Use a memory debugger before pushing to production. As you have learnt in this chapter, the tiny little byte you forget in your computations can lead to an exploitable security hole. It also often leads (very often) to a simple crash. That means that your cool-and-nice extension could cut down an entire (set of) server and every of its clients.

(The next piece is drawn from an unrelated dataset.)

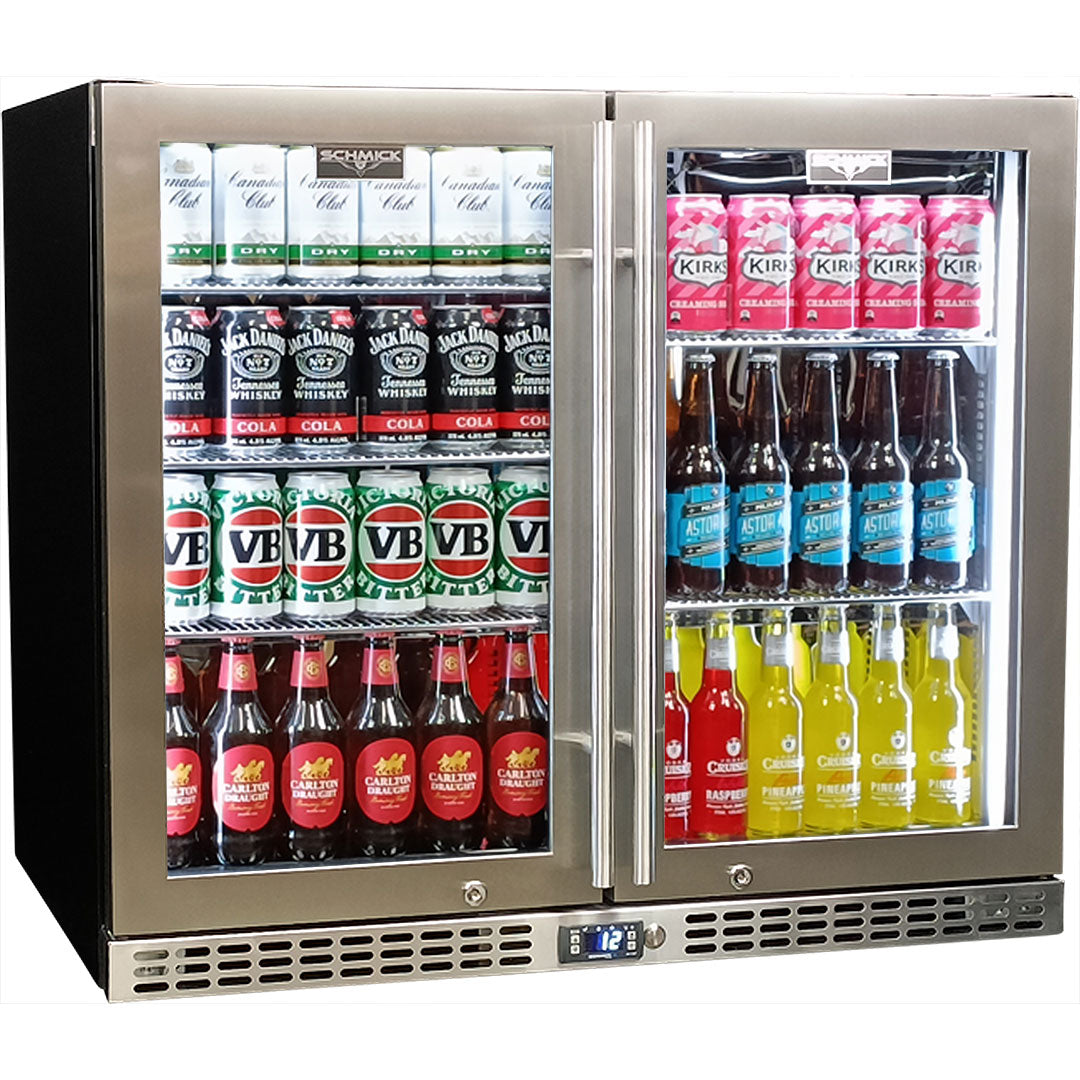  Schmick Twin Door Quiet Running Stainless Steel Triple Glazed Glass Door Bar Fridge - Model SK206-Ss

C is a very rigorous programming language. You are given billions of bytes of memory to program, and you must arrange those to perform some computation. But don’t mess up with that huge power: in the best case (rare), nothing will happen, in a worse case (very common) you’ll randomly crash here and there, and in the worst scenario, you create a breach in the program that happens to be remotely exploitable…

You are tooled and clever, take care of the machine memory, really.